<<<<

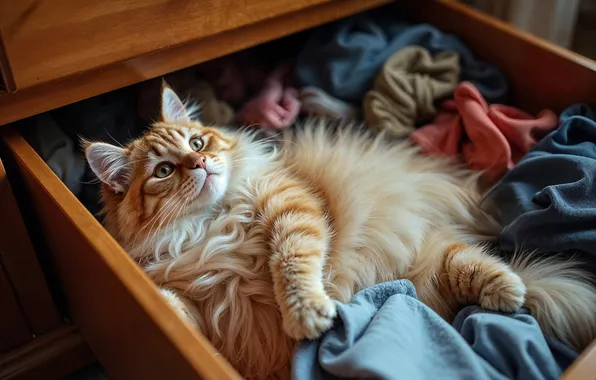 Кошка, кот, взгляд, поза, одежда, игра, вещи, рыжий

>>>>
<<<<

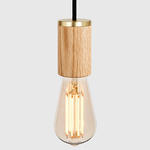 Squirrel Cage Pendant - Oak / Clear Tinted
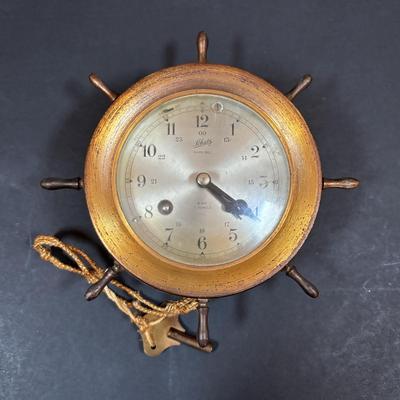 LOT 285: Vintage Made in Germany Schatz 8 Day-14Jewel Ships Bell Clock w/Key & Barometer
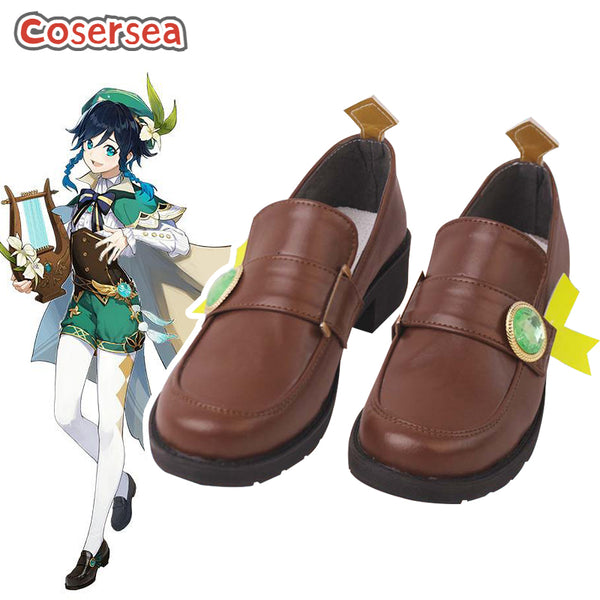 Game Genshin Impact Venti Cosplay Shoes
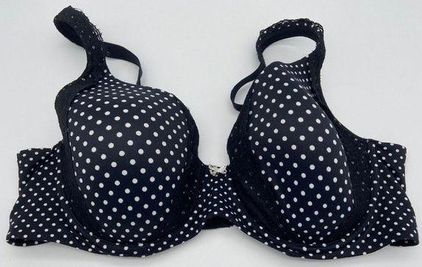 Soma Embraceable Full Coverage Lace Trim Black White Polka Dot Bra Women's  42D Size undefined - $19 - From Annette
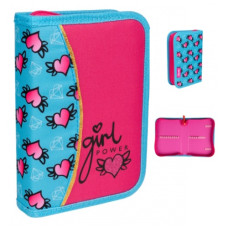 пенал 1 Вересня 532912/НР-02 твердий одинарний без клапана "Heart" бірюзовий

>>>>

● **What you have to do**: Using the entries above, transcribe every line from the line containing "Soma Embraceable Full" through the line containing "пенал 1 Вересня". Do not copy pictures.

● **Task response**:
 Soma Embraceable Full Coverage Lace Trim Black White Polka Dot Bra Women's  42D Size undefined - $19 - From Annette
 пенал 1 Вересня 532912/НР-02 твердий одинарний без клапана "Heart" бірюзовий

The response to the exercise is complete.